Acting Quality (2.5 points)

The acting is the strongest point of this film.  The film is well-cast and the actors and actresses are well coached.  The only thing that keeps this portion from being perfect is its lack of excellent quality.  The acting is great, but not excellent.

Conclusion

Jimmy is a heartwarming film that portrays special needs people in a very good way.  Though Robert Whitlow sometimes tends to be too sensational, Jimmy avoids this pitfall.  It contains creative conceptions of what special needs people may experience.  The bottom line is that the important message of this film should not be missed: all people deserved to be treated as humans created by God.  Thankfully, this message is not marred by awful production like many Christian films.  It is only too bad that Jimmy was not dynamic enough to make the Hall of Fame.

 

Final Rating: 6 out of 10 points

The List [2007] (Movie Review)

Plot Summary

Renny Jacobsen never really knew his father, so he doesn’t feel anything when he receives word of his death except how large his inheritance is.  That’s why he is devastated when he discovers the unusual and unorthodox contents of his father’s will—he cannot receive any of his money unless he joins a secret society known as the Covenant List.  In route to joining The List, Renny crosses paths with Jo, an unlikely potential List member.  Together, they discover that there is more to the secret society than they thought.  Renny must choose the truth before it is too late and before everything he holds dear slips away from him.

 

Production Quality (2 points)

Distributed by a large company, The List has decent production quality.  The video quality is pretty good and the sound quality is consistent.  The sets and locations are diverse and well-constructed.  The film has an overall professional feel, but there are some editing problems.  Some scenes last too long while others are cut too short for the audience to really understand what is going on without reading a lot into it.  There are too many cross-fades and fadeouts.  Overall, the production is above average yet has some errors that hurt it from being all it could be.

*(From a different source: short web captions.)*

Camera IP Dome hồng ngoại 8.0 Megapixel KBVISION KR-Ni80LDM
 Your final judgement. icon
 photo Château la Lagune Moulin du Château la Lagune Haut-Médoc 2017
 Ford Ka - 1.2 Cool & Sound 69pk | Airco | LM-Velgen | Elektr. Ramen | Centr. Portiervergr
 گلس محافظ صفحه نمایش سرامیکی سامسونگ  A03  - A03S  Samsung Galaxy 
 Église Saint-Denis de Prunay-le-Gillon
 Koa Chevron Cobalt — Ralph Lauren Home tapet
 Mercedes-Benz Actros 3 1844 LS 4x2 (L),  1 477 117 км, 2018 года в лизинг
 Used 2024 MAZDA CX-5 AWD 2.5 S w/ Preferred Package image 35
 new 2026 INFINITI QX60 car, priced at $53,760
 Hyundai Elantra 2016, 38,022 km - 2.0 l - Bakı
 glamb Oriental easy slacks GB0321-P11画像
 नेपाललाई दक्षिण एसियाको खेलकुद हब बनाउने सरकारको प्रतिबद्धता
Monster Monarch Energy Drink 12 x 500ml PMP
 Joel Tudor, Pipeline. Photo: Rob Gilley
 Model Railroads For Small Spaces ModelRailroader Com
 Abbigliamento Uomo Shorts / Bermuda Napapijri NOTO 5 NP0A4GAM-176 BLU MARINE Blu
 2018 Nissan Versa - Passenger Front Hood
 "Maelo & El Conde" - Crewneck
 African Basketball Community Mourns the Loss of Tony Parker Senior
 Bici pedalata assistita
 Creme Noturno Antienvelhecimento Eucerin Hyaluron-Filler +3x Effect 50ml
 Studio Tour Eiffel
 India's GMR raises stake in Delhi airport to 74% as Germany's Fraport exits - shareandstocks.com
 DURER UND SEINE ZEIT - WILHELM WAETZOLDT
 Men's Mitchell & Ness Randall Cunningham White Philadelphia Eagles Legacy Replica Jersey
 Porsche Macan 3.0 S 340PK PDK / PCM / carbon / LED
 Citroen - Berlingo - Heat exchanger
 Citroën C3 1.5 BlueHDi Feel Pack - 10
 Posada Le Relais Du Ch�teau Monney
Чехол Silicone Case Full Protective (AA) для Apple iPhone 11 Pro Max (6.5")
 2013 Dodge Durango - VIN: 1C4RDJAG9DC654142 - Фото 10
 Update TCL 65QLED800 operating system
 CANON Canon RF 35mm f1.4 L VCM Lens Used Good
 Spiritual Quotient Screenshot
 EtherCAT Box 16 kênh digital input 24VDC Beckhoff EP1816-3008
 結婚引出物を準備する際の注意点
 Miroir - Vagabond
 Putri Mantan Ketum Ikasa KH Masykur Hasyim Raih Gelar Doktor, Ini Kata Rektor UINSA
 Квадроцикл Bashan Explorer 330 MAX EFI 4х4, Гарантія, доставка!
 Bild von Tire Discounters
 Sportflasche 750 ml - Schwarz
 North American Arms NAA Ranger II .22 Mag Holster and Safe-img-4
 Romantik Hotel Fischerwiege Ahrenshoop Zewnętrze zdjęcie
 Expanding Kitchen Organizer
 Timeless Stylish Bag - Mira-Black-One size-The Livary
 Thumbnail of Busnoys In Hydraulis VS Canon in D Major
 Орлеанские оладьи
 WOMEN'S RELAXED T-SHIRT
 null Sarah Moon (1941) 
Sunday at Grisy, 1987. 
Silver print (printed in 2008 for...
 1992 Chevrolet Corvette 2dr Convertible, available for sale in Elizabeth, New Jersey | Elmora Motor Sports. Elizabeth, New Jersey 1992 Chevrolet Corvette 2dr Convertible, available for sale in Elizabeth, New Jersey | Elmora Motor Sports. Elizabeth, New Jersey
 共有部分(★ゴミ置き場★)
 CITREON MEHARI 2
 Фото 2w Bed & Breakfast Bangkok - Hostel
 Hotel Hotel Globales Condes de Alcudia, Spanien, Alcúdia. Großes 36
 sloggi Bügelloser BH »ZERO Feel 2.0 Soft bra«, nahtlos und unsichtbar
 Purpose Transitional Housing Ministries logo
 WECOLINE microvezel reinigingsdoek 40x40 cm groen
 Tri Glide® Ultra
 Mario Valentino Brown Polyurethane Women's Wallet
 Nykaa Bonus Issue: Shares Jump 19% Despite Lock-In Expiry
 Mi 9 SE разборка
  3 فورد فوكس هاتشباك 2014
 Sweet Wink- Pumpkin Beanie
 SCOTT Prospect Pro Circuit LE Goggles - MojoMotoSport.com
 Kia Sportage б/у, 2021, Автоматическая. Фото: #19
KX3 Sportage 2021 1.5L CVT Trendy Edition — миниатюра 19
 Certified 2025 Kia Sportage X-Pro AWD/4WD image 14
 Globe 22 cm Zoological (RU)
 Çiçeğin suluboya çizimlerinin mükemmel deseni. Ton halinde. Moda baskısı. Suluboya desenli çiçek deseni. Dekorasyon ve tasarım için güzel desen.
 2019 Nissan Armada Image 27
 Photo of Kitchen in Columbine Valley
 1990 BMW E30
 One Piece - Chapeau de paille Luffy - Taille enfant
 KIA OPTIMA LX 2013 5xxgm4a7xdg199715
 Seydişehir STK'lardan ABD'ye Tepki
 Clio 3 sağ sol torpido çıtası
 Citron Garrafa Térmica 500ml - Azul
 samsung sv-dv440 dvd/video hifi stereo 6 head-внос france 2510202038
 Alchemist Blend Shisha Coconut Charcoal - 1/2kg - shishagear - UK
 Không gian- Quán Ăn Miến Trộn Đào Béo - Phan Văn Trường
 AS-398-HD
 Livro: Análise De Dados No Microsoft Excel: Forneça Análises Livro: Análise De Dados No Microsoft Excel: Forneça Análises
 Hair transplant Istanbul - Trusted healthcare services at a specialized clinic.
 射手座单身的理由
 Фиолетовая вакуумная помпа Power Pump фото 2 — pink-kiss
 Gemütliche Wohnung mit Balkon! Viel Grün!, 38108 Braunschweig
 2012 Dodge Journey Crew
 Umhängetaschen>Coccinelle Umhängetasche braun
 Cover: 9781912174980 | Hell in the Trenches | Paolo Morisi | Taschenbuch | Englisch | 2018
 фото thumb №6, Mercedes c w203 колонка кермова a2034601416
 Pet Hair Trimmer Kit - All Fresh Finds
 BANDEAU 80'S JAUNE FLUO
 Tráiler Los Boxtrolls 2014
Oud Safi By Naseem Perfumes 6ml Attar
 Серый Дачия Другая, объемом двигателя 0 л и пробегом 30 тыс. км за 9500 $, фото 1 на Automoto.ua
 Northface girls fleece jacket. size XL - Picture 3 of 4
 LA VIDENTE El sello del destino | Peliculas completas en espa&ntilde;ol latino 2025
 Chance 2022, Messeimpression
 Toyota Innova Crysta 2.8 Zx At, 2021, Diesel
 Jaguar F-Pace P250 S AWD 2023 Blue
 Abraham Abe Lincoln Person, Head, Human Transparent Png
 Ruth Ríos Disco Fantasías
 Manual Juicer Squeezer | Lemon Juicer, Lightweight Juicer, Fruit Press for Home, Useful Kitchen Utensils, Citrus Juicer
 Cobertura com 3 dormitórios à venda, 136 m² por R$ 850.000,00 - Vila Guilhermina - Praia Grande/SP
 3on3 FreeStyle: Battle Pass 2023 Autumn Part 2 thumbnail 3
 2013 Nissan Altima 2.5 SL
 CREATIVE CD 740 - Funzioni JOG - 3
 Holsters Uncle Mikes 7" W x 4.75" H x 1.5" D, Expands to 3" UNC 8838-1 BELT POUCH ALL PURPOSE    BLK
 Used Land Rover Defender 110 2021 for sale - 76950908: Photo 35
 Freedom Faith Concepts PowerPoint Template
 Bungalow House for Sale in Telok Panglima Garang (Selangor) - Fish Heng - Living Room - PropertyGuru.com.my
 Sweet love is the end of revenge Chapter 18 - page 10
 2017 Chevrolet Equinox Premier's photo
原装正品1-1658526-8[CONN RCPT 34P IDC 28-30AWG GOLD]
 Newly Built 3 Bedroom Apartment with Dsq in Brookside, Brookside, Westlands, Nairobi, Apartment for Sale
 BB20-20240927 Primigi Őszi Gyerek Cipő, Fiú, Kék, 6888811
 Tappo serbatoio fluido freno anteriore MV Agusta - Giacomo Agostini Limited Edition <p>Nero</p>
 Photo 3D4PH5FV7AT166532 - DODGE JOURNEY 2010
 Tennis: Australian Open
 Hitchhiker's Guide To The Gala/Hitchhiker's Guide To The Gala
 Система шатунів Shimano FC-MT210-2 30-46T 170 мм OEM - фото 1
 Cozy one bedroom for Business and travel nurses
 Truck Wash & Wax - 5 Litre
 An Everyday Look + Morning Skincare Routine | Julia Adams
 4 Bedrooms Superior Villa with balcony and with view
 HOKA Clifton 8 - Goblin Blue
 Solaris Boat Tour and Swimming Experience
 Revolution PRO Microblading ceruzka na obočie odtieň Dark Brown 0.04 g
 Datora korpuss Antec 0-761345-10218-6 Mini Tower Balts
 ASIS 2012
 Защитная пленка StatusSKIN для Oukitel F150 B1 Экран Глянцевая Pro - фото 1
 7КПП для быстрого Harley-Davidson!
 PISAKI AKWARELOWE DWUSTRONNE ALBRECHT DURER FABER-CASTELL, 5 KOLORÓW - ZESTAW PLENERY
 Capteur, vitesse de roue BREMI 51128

Plot and Storyline Quality (1.5 points)

Adapted from the novel by Robert Whitlow, the plot is more complex than most Christian movies.  It explores a genre unique to Christian movies—legal suspense—and does not follow the typical legal fiction storyline.  There is a lot of interesting content as the plot explores spiritual warfare, something many Christian films would never dare to touch.  However, it is not handled in the best way and comes off as overly sensational.  Too much time is spent early in the movie educating the audience on the complex inner workings of the secret society and not enough time is spent on redemptive qualities, which are rushed through and tacked on at the end of the movie.  Because of the high amount of plot content, dialogue often gets neglected, thus leaving stock characters.  Two hours was not enough to cover the scope of this plot properly.  In short, there is a lot of creative content here that was not utilized properly.  More could have been made of this film.

Acting Quality (1.5 points)

The acting is somewhat professional.  There are no glaring errors except for obviously overly practiced and fake Southern accents.  But at the same time, there is no truly dynamic acting that makes this film interesting.  When it comes down to it, the acting is average, thus garnering an average score.

Conclusion

Robert Whitlow has some interesting plots that should be depicted on the big screen, but The List was likely not the best book to choose, since it was first novel.  Secret societies, spiritual warfare, and legal suspense need to be incorporated in various ways into Christian films, but there is a time, a place, and a way for everything.  Even plots like The List are more complex than your average inspirational film, but it still not the greatest.  That’s why it has been awarded an average score.  Nonetheless, we applaud efforts to bring unique movies to the Christian scene and anticipate more to come.